What the task asks: Every record below must be written out exactly. Leave out the pictures.

Short text fragments from websites
--- START ---

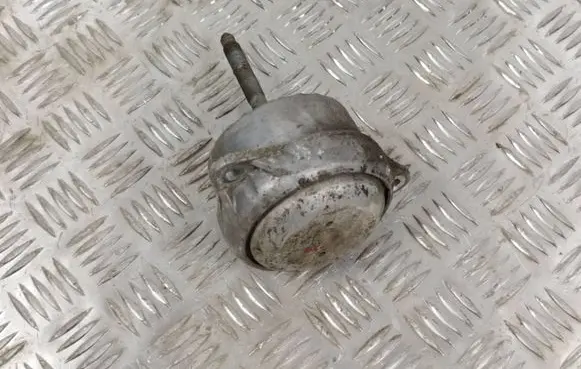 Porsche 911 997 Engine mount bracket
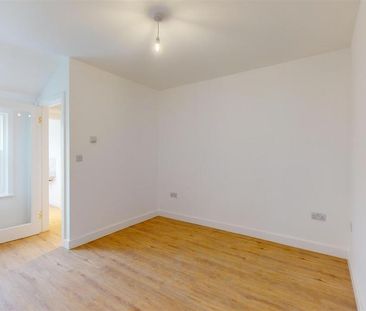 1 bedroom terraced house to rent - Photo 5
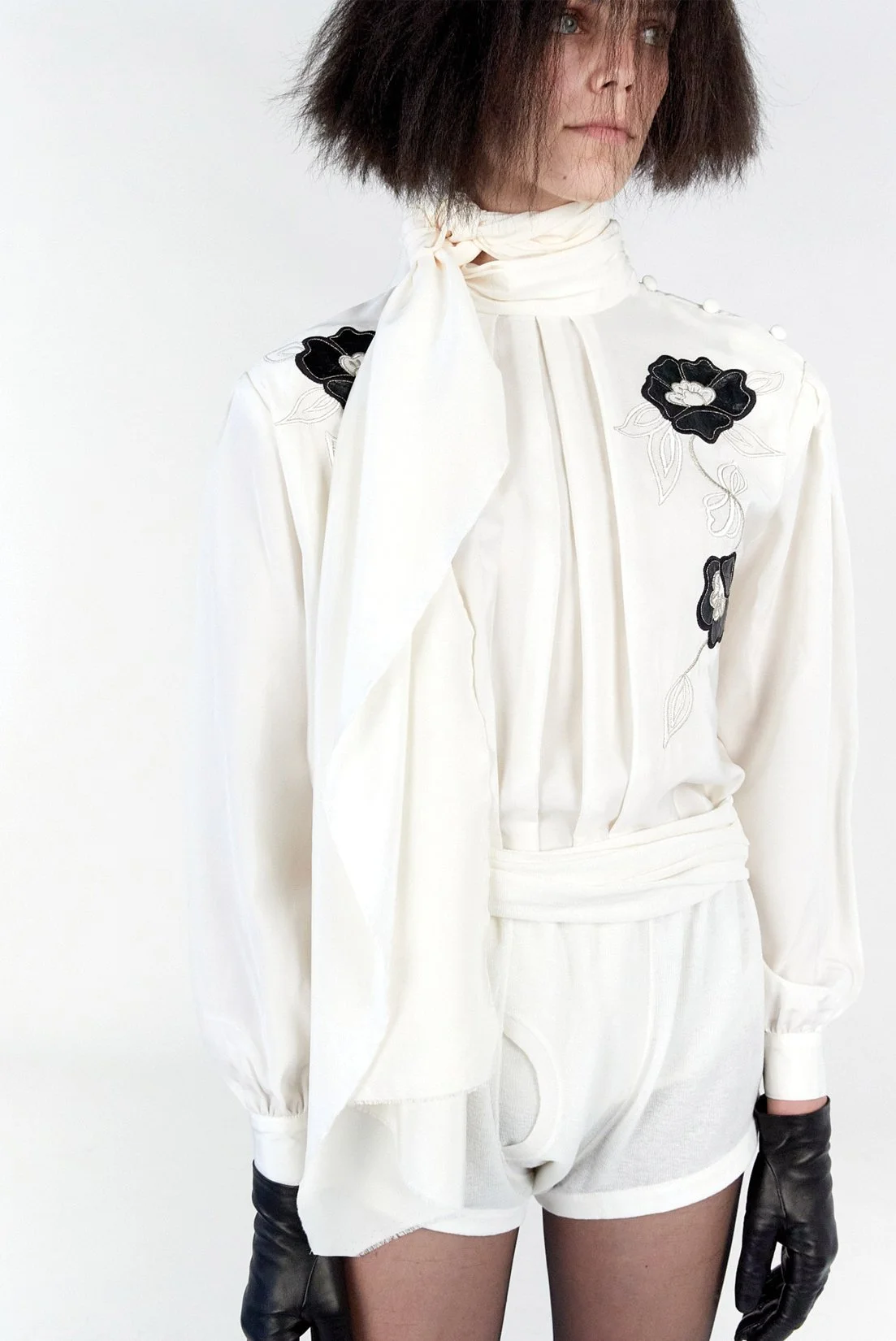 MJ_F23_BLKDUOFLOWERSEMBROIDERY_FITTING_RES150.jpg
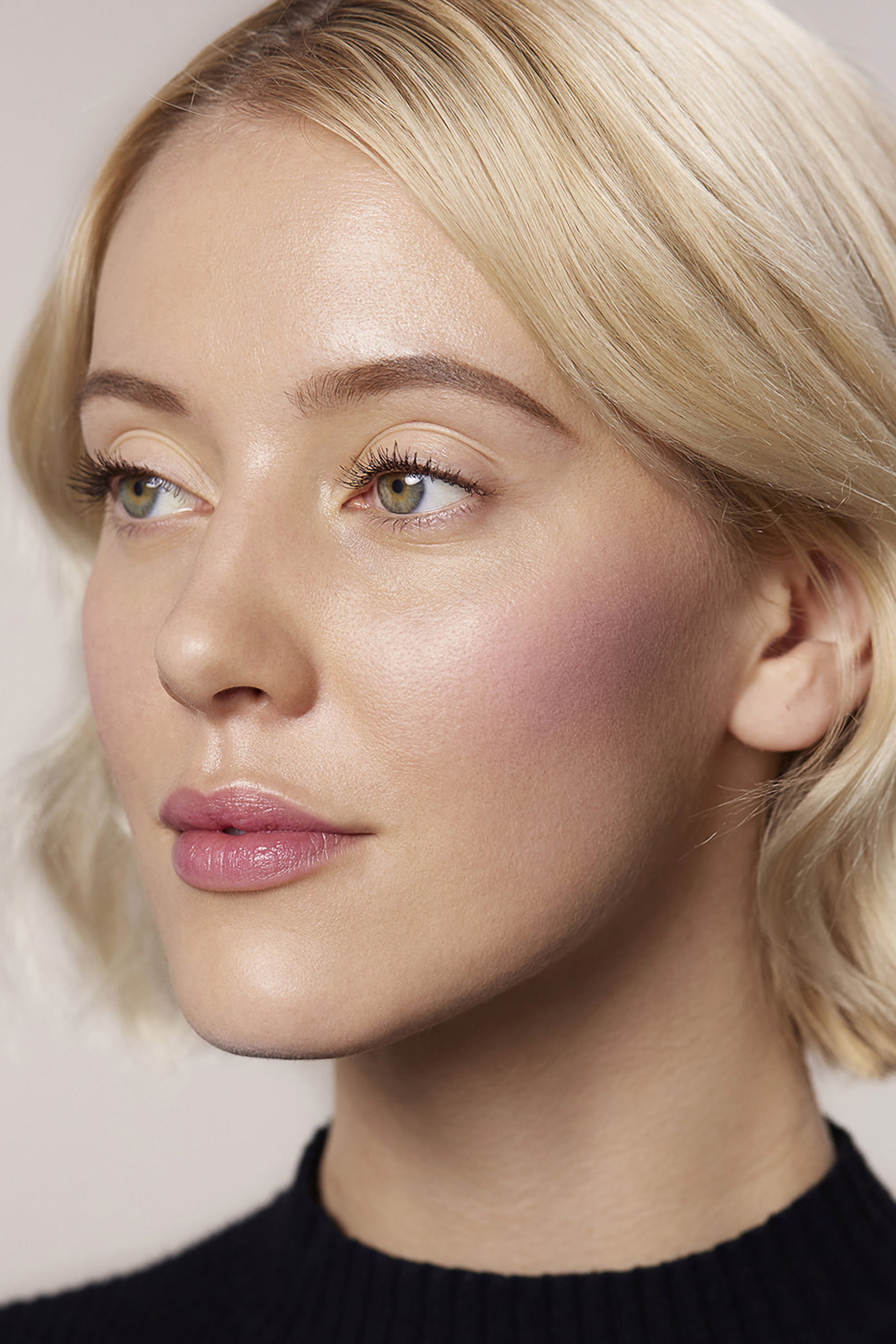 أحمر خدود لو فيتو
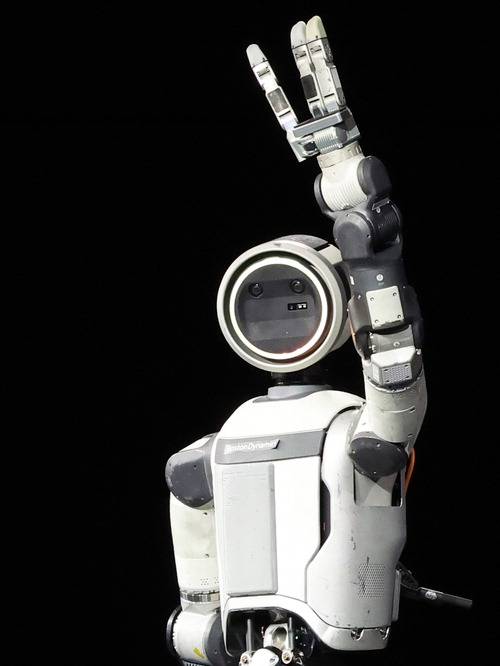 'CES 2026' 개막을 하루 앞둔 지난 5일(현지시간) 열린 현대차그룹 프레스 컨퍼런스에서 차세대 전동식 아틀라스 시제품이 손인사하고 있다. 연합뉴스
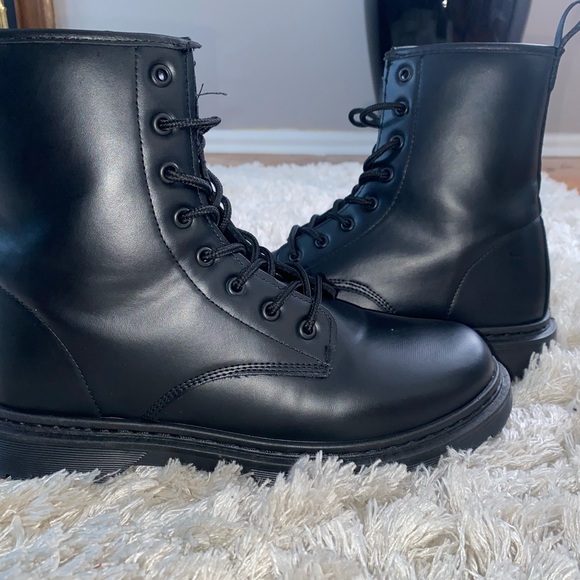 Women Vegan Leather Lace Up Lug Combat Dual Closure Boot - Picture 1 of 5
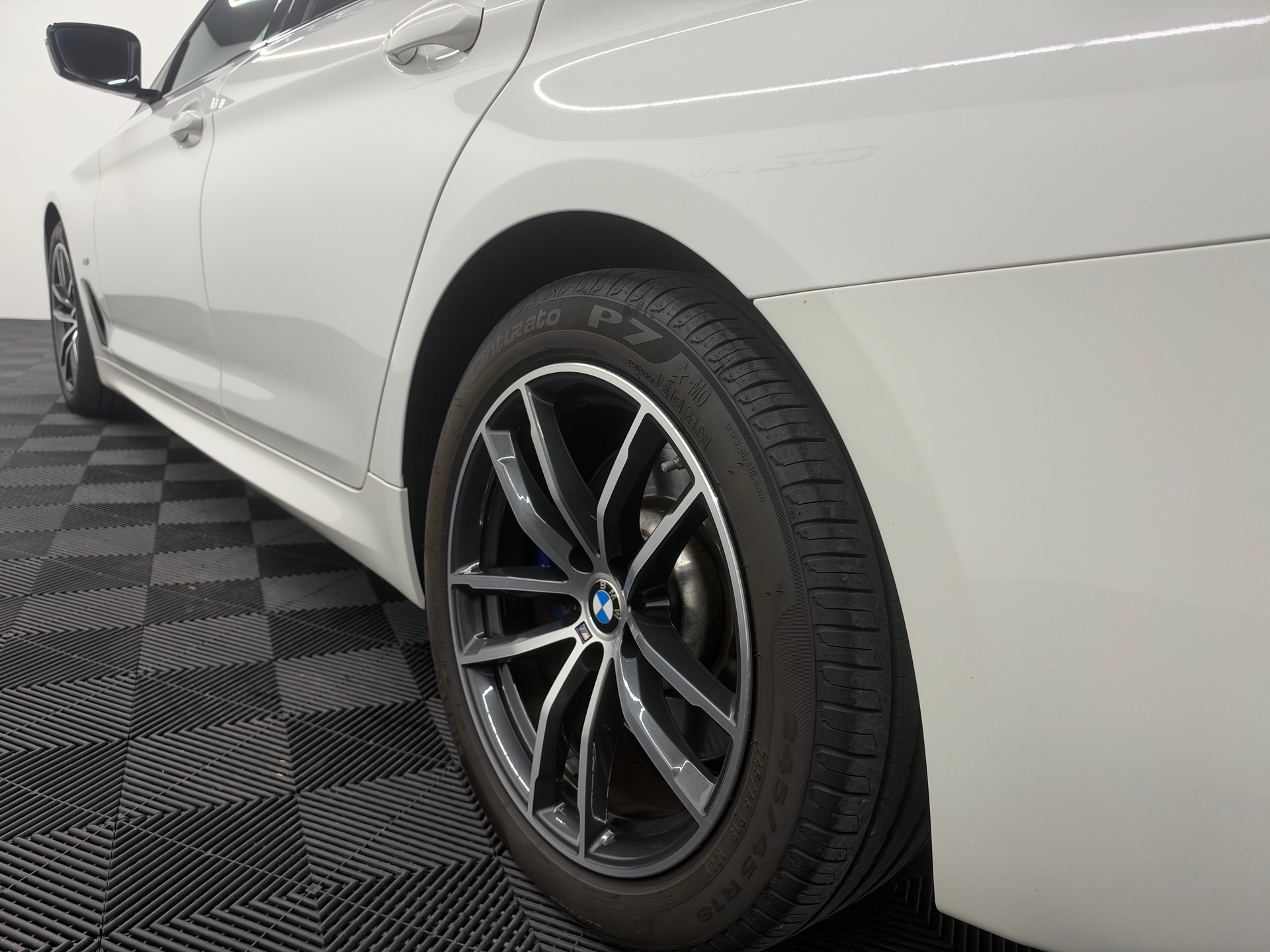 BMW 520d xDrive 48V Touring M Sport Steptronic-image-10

--- END ---

Your response:
 Porsche 911 997 Engine mount bracket
 1 bedroom terraced house to rent - Photo 5
 MJ_F23_BLKDUOFLOWERSEMBROIDERY_FITTING_RES150.jpg
 أحمر خدود لو فيتو
 'CES 2026' 개막을 하루 앞둔 지난 5일(현지시간) 열린 현대차그룹 프레스 컨퍼런스에서 차세대 전동식 아틀라스 시제품이 손인사하고 있다. 연합뉴스
 Women Vegan Leather Lace Up Lug Combat Dual Closure Boot - Picture 1 of 5
 BMW 520d xDrive 48V Touring M Sport Steptronic-image-10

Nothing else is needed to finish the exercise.